Impostora: Yellowface

  • Preço R$ 59,90 (352 págs.); R$ 39,90 (ebook)
  • Autoria R.F. Kuang
  • Editora Intrínseca
  • Tradução Yonghui Qio

Ao apontar uma lupa no universo das editoras em "Impostora: Yellowface", a autora sino-americana R.F. Kuang discute o espaço das escritoras racializadas na literatura. No centro da narrativa está o caso de plágio feito pela protagonista branca June Hayward do manuscrito da amiga morta Athena Liu, americana filha de pais chineses.

mulher asiática jovem com as mãos cruzadas e vestido preto com detalhes de flores vermelhas
A escritora sino-americana R.F. Kuang, autora de 'Impostora: Yellowface' - Jose Camacho/Divulgação

"O Último Front", a obra fictícia plagiada, fala da participação dos soldados chineses recrutados pelo Exército britânico durante a Primeira Guerra Mundial. Com diversos ajustes, o livro se torna um best-seller e leva Hayward ao estrelato.

Sem pudores, ela modifica o texto para não causar desconforto nos leitores. "Acho que deixamos o livro melhor, mais acessível, mais simples. A nova versão é uma história universal que inspira empatia, uma história em que qualquer um consegue se enxergar."

Para chegar ao topo das listas dos mais vendidos, ela dança conforme a música do marketing: adota a alcunha Juniper Song —sobrenome comum entre famílias coreanas—, retira as referências em mandarim, edita a violência da guerra e formata a história para agradar ao paladar da branquitude.

Em mais de uma ocasião, ela precisa esclarecer que não tem descendência asiática, só um nome riponga escolhido pela mãe. Mas a fama vem acompanhada de acusações de apropriação cultural e fúria das redes sociais.
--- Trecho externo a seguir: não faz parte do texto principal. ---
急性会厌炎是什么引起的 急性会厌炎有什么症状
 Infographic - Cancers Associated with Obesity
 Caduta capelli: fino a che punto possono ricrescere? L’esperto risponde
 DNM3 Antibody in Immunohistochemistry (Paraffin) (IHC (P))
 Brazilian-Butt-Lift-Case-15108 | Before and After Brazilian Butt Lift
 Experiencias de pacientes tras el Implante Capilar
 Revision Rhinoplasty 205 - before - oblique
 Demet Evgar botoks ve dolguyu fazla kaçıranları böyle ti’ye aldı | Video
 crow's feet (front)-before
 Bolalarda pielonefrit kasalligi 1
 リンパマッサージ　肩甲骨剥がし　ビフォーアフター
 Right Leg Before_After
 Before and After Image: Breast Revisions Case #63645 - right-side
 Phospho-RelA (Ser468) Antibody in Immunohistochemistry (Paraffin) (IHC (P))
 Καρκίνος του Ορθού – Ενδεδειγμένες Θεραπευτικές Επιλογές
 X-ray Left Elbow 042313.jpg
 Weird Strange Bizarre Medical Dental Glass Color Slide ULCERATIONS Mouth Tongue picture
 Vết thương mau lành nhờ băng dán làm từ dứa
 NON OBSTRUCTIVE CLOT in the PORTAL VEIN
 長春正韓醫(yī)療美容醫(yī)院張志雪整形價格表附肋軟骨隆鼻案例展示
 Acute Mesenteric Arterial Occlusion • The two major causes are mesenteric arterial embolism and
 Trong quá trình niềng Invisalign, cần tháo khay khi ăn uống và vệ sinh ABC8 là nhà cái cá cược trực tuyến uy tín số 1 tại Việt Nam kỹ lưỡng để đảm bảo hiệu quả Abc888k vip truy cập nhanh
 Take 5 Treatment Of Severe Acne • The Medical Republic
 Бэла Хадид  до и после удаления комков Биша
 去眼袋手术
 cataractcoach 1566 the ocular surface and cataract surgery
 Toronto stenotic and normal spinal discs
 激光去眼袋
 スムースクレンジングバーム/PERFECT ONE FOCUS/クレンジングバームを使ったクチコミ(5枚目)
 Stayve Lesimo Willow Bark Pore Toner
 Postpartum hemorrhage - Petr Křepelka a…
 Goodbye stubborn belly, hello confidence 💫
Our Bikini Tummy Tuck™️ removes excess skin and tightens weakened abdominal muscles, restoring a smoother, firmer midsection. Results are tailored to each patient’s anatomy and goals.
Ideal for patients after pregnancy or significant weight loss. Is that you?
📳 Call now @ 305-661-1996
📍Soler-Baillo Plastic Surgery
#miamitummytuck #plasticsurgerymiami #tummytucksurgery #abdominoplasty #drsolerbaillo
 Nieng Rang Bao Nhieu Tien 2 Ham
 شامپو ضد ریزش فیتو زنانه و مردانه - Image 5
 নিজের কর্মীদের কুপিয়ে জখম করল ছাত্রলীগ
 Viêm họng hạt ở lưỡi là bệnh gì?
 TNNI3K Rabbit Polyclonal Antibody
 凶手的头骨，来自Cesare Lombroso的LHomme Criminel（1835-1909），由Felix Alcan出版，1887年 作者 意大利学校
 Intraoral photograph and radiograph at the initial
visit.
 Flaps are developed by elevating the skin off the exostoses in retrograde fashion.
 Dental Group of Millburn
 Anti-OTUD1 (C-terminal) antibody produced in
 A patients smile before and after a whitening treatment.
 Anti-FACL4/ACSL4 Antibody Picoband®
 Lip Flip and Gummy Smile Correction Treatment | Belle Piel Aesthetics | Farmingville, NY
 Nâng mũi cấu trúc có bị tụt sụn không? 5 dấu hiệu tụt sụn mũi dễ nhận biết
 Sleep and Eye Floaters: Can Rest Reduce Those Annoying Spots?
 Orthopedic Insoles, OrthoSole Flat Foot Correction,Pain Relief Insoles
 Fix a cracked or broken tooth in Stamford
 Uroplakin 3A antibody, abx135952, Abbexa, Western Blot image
Os usuários a acusam de "yellowface", adaptação ao contexto das pessoas amarelas —descendentes do leste asiático— do "blackface", prática racista em que pessoas brancas pintavam o rosto de tinta escura no teatro para interpretar negros.

Sem nenhuma conexão com a cultura chinesa, June é um peixe fora d'água na comunidade dos imigrantes nos Estados Unidos. Seu desprezo se expressa até no enjoo com o cheiro dos temperos e na constante demarcação do sotaque dessas pessoas.

A narradora arrogante agarra a farsa com unhas e dentes para não deixar de ser o centro das atenções. O imbróglio novelesco tem altos e baixos, e a escritora é abraçada por influenciadores ligados aos valores da direita que rechaçam questões raciais. "Athena estava com a vida ganha. Pessoas diversas, é só isso que o público quer", ela diz.

Mas no thriller satírico de Kuang, ninguém está a salvo das garras do capitalismo. Por meio de flashbacks, a faceta detestável de Athena Liu também é evidenciada. As escritoras se aproximaram por gostarem do livro "A Idiota", de Elif Batuman, e dividirem ambições literárias —desejavam se tornar a próxima Donna Tartt ou Jennifer Egan.

No primeiro ano da faculdade em Yale, June foi estuprada por um colega de classe e, após desabafar sobre o ocorrido, depara com a história publicada em um ensaio assinado por Athena na revista da universidade. O modus operandi segue ao longo da curta carreira da amiga, que se baseia no sofrimento de outras pessoas para compor seus livros.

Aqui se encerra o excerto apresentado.